Sorry Guy, the Airshow did not happen for me.


----------



## awinphoto (Aug 20, 2012)

Just remember to keep your head on a swivel and be aware of your surroundings... After last years National Championship Air Races in which a aircraft lost control and slammed into the tarmac where people were spectating, make sure if something happens, you can get up and go at a moments notice. Lastly, usually unless your in a VIP area, there will be a lot of people around, so keep your gear close as it could be an easy opportunity to turn your head and have your lens missing. As for lens choices, my vote goes to the 75-300 L lens... 70-200 is slightly too short.


----------



## Ayelike (Aug 23, 2012)

I'm heading to the Southport air show in a couple of weeks. After moving to a full frame (5D3) I'm no longer getting the reach from my 70-200 2.8 (non-IS) for this kind of event so I've just upgraded to the 70-200 2.8 IS II and the 2x Extender III.

I've heard mixed things about the extender but I think on a fast and sharp lens it should be ok. I'm also hoping the 5D3 tracking will help it keep up with moving subjects.

I'll have to wait and see - if it's rubbish then I'll send the extender back or keep it for much slower subjects. I wanted the 70-200mm IS II anyway so no problems there.

Great tips in this thread. Even though I'll have IS I still think I'll take a monopod to take the weight of the gear if nothing else. Will also help the IS and give me a smoother pan wit the IS in mode 2. It's a long day so loads of time to test a few different settings and shutter speeds.

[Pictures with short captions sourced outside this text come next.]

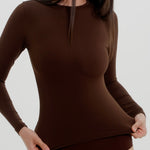 Woman wearing a brown long-sleeve against a plain background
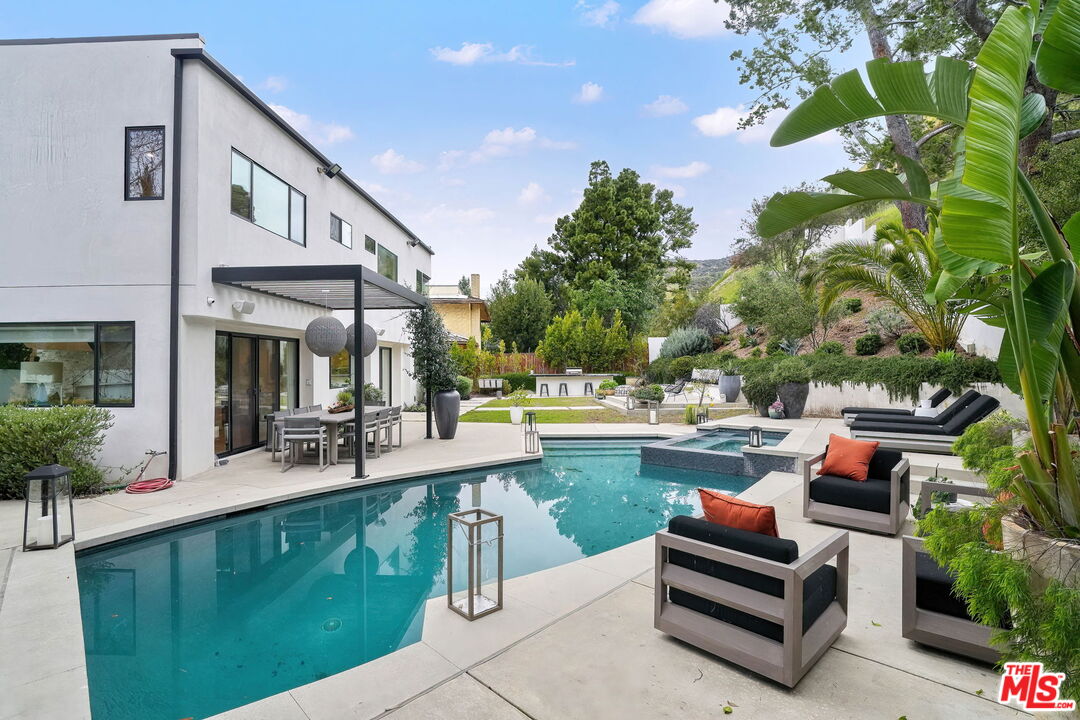 3056 Arrowhead Drive Los Angeles, CA 90068 - Photo 23 of 35 a view of swimming pool with outdoor seating and plants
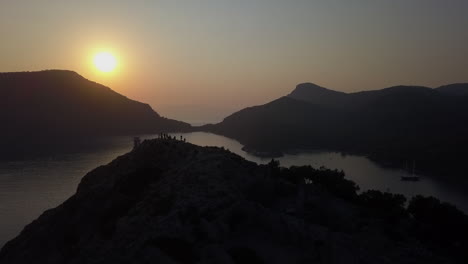 aerial flyover: tourists gather on mountain top to view ocean sunset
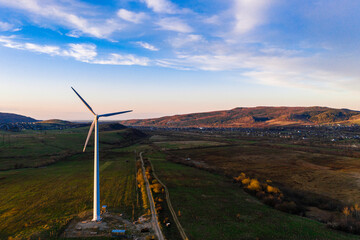 Panoramic landscape from the country road to the wind turbine, the development of wind energy in Ukraine.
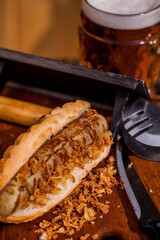 American hot dog with sausage and a glass of beer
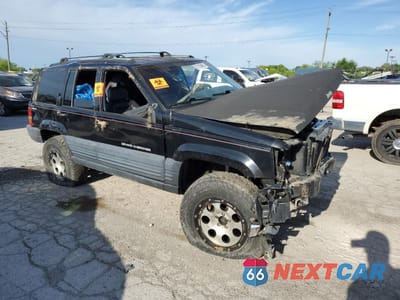 Czwarte zdjęcie samochodu z boku: 1997 JEEP GRAND CHEROKEE LAREDO VIN:1J4GZ58S1VC707714 - miniatura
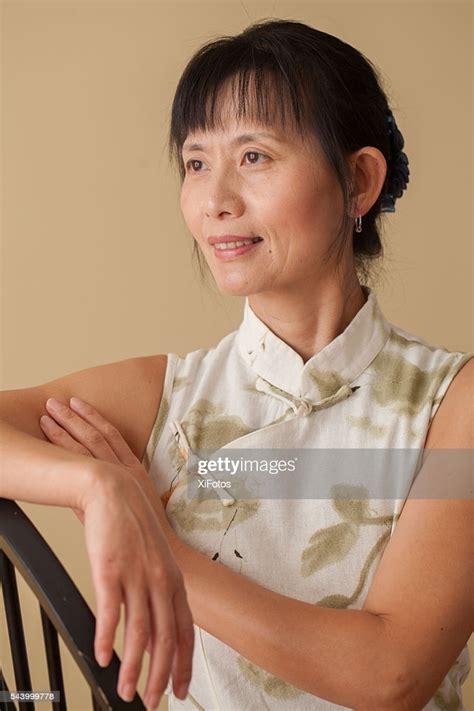 Mature Chinese Woman In Traditional Dress Qipao Stock Photo Getty Images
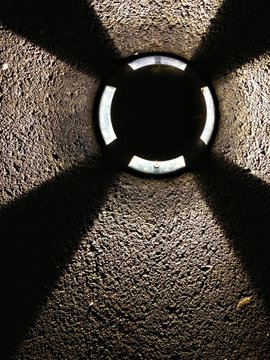 propeler shadow made by the lamp on the ground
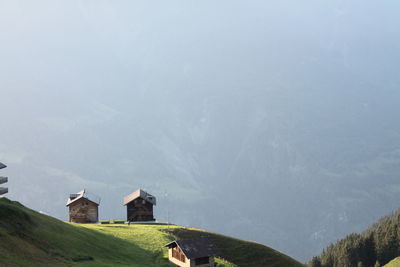 Scenic view of two swiss wooden chalets facing the valley in mountains.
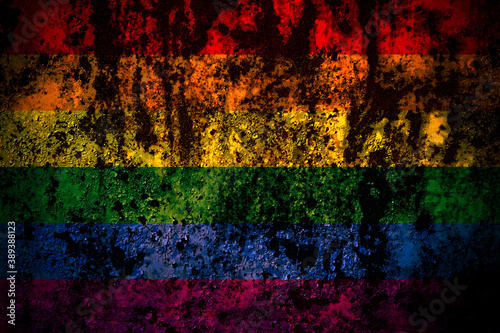 Gay, Pride flag on grunge metal background texture with scratches and cracks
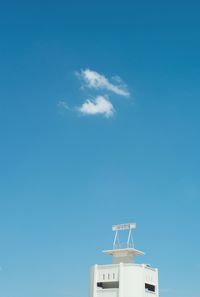 Low angle view of building against blue sky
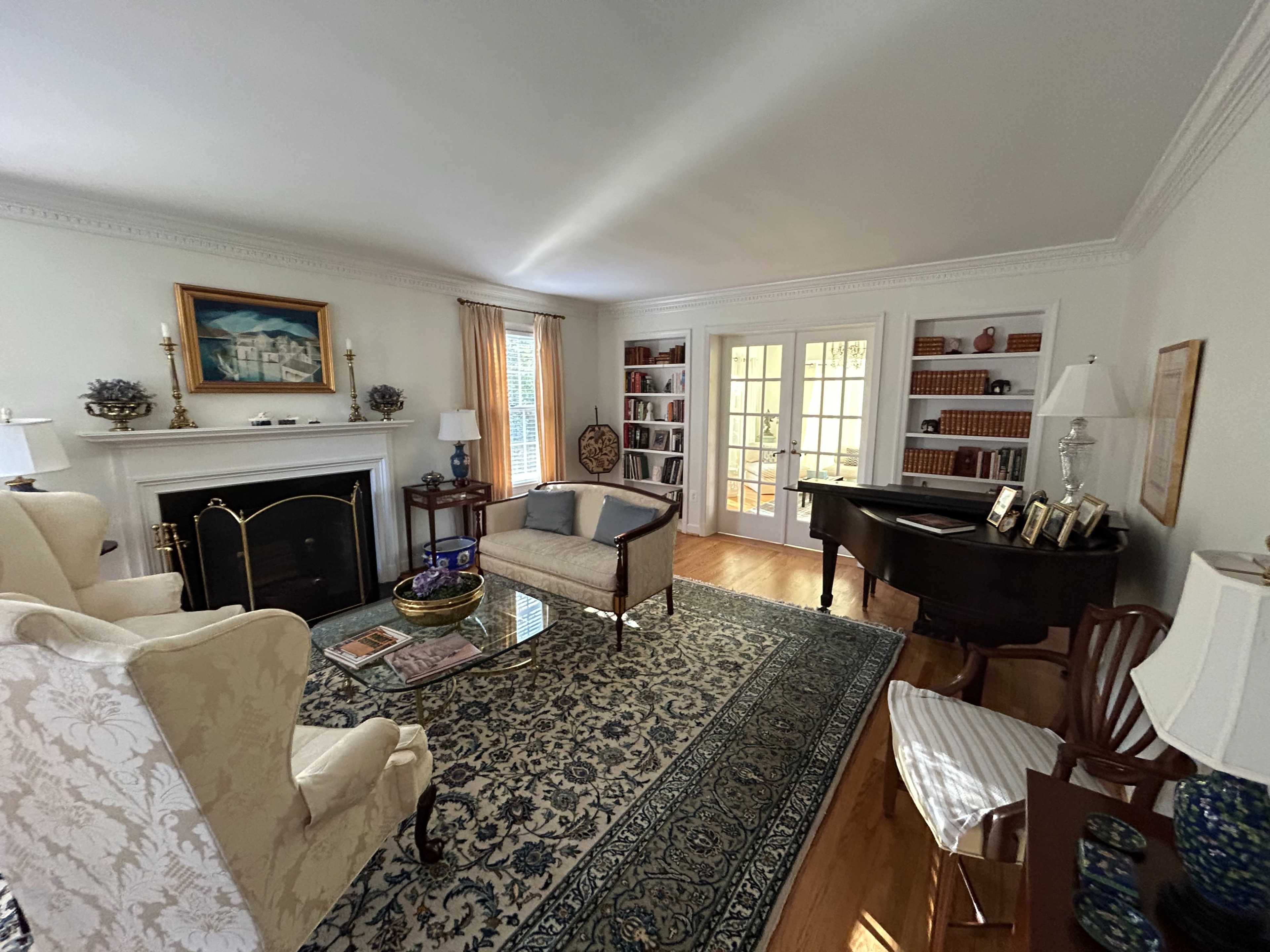 A tidy living room with a fireplace, a piano, bookshelves, and a large area rug.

We should all go away, get shooting, and post our results here.


----------



## Chewy734 (Aug 23, 2012)

I used the 100-400mm lens to take shots of planes in flight. It seemed to work well as an all-around lens on a FF body for that purpose.


----------



## emag (Aug 23, 2012)

My $.02.

Short answer: take the 300, the 1.4 and the 24-105. Bring the monopod. I live near the Blue Angels home base and frequently spend time at the beach there, so many opportunities for aerial shots during practice, or training aircraft for newbie pilots - for pleasure, I'm a hobbyist and concentrate more on astrophotography. 200mm on FF is way too short; with the 2x it would do well, but I'd still prefer the 300. My 300/4L (non-IS) does well and withstands cropping, I'd use it with a 1.4TC if I had one. I have an old Sigma 400/5.6 Macro, weighs a ton, no aperture control, but a surprisingly sharp lens. Gets heavy without a monopod. For wide I'm limited to the Samyang 8mm, Tokina 11-16 and the depressingly-mediocre-at-best 28-135IS kit lens. 24-105 would do you well in that department.


----------



## jsexton (Aug 23, 2012)

Shot an airshow in July with my 100-400 (occasional 24-70) and my d7.

http://www.rawlightphotos.com/Other/Air-Show/


----------



## picturesbyme (Aug 23, 2012)

Shot one at the beach this summer. Mostly shutter p. mode, spot metering. AF (on servo) wasn't a prob at all, almost every shot was in focus so the 5d3 should nail 100%.
200mm 2.8L on a 60D, and many of my shots were too tight. Once I'll hit the lottery I'll get the 70-200 II. Until then I have to live with these.. (http://atlanticpicture.com/p361947354/h11793615#h11793615)


----------



## GuyF (Aug 23, 2012)

Many good suggestions from all of you. At the moment I think I'll take the 17-40 for static aircraft, 70-200 for the Red Arrows where you need a slightly wider field of view and the 300/1.4TC for everything else. I don't think I'll take a monopod as it's just something else to carry and might be too restrictive for panning quickly (though will change my mind a few times between now and 3 weeks time!).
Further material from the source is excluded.